Joseph Blankholm

Joseph Blankholm is Assistant Professor of Religious Studies at the University of California, Santa Barbara. His research focuses on atheism and secularism, primarily in the United States. Using qualitative, quantitative, and historical research methods, Joe’s work shows how the boundaries between secular, spiritual, and religious have shifted over time and how those shifts impact the ways we think about religion and what counts as religious. He has published an article in the Journal for the Scientific Study of Religion called “The Political Advantages of a Polysemous Secular” and has another forthcoming in the same journal, which he-coauthored with Alfredo Garcia. He also has chapters forthcoming in edited volumes about secularism and religious indifference, and he is currently working on an essay on atheism for the Oxford Encyclopedia of American Religion. Joe is also a co-founder and co-chair of the American Academy of Religion’s Secularism and Secularity Group.

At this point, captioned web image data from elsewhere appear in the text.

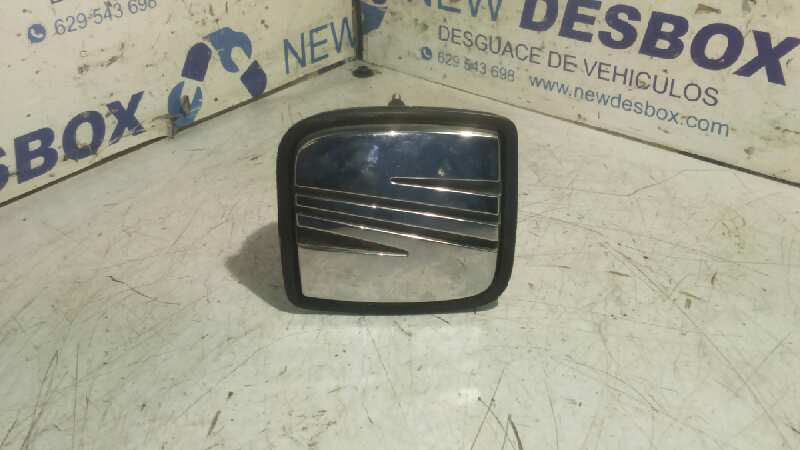 MANETA EXTERIOR PORTON SEAT CORDOBA BERLINA (6K2)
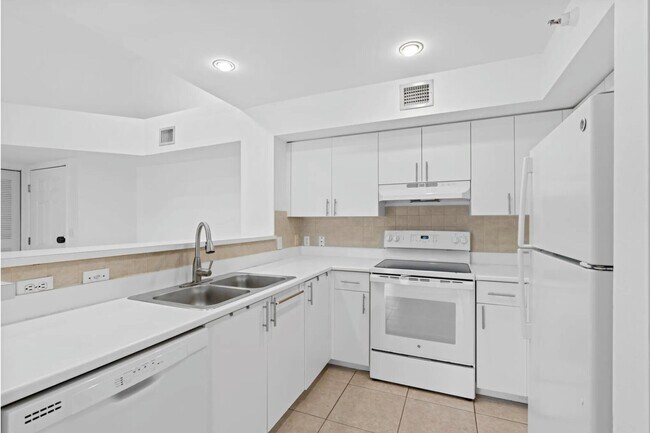 Building Photo - 135 Yacht Club Way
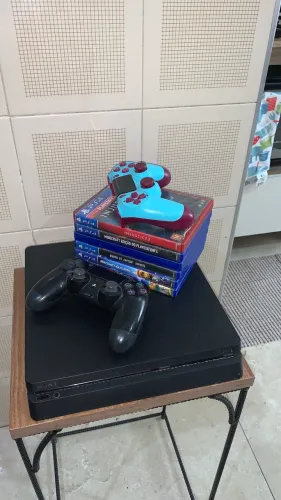 PS4 + GTA V + Minecraft + 2 controles sem drift! Conservado 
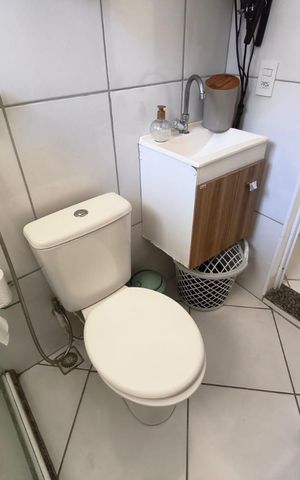 Casa de condomínio para alugar com 50m², 2 quartos e 1 vaga Casa de condomínio para alugar com 50m², 2 quartos e 1 vagaBanheiro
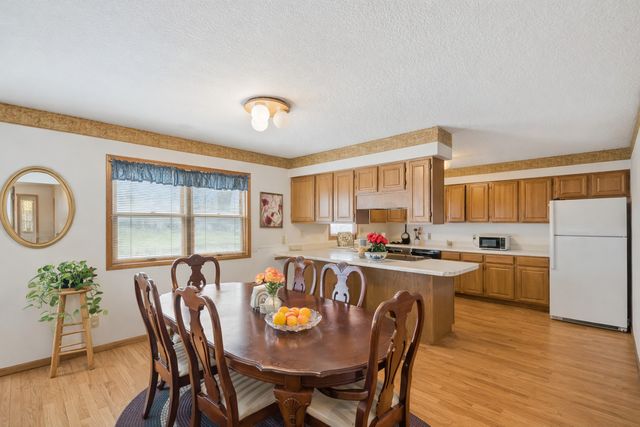 3222 Tower Court, Clinton, IA 52732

Contributions by Joseph Blankholm


Permutations of Secularism

In this interview, we first focus on the origins of the term “secularism,” the proliferation of its meanings, and the uses to which it is put in Anglo-American contexts. Then we discuss the uses of the terms secularism and the secular today, particularly using a specific case study from Joe’s research on American nonbeliever organizations.




Secular, Spiritual, Religious: American Religion Beyond the Baby Boomers

In acknowledging how capacious and even misleading the “religiously unaffiliated” label has become, we might wonder if its growth is symptomatic of a taxonomy that has failed to keep pace with restructuring. In his wide-ranging interview with Dusty Hoesly, Wade Clark Roof both re-emphasizes the importance of the baby boomer generation and suggests some ways to think beyond it. In the second half of the interview, in particular,...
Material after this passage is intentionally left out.